Speaking exclusively to IRJ, Kevin Speed chairman, Mr Laurent Fourtune, said that the 20 new seven-car trains to be ordered from Alstom will be single-deck, each seating up to 760 passengers and featuring distributed traction equipment.

This marks a radical departure from the double-deck high-speed trains ordered by French National Railways (SNCF) in recent years, including the latest TGV M, which retain the traditional TGV format of articulated coaches and traction equipment located in self-contained power cars at each end of the train.

“When you call at all stations you need distributed traction,” Fourtune says, as he believes this will be better at providing the high rates of acceleration and efficient regenerative braking required for starting and stopping more frequently.

To reduce station dwell times, each coach will have two doors per side. This is again a departure from established SNCF practice, but a feature of some Japanese Shinkansen designs, as well as the Hitachi class 395 Javelin trains that operate commuter services between London and Kent on High Speed 1 in Britain.

The new Kevin Speed trains will feature distributed traction like the Alstom-built AGVs run by Italian open-access operator NTV.

Fourtune expects that the new fleet will be ordered this summer, once Kevin Speed has completed the process of raising a further €1.2bn of debt and equity finance, which is being conducted by Nomura and Santander CIB.

The new fleet will be maintained, potentially with the involvement of the manufacturer, at three new depots that Kevin Speed is planning to build halfway along each of the three high-speed lines it has signed a 10-year track access contract to operate on with SNCF Network. One Ilisto service an hour in each direction, calling at all intermediate stations, will run from roughly 06.00 to 22.00.

Locating the new “pit-stop”-style maintenance facilities and crew depots at the midpoint of the line avoids the cost of city-centre sites and should prove attractive to staff, Fourtune says.

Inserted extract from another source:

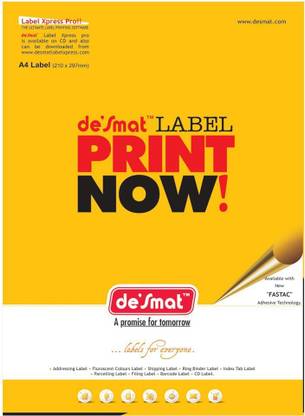 DESMAT A4ST1 - 100s, Labels,A4 Sheet sticker lable Self-Adhesive Paper Label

“You’re always back home at the end of your shift,” he says. “That makes a difference for drivers.” As well as reducing staff turnover, Kevin Speed also hopes that this will help to achieve its objective of women making up 50% of the 150 drivers that it will eventually need.

The total staff complement will be 450, but the single-class services will offer no catering and there will be no Ilisto ticket offices at stations. “That is so 20th Century,” Fourtune says. Ticketing will be “almost 100% digital,” with fares priced according to demand, but likely to start at €5 for an off-peak single journey from Paris to Lille.

Regular commuters will be rewarded for their loyalty, the total price for the number of journeys made within a specific period of time will be capped, replicating what some urban transport operators do on a daily, weekly or monthly basis.

“The more you travel, the less you pay,” Fourtune says. “We are trying to add something new to the system in France, to complement SNCF Voyageurs. Open-access is the future.”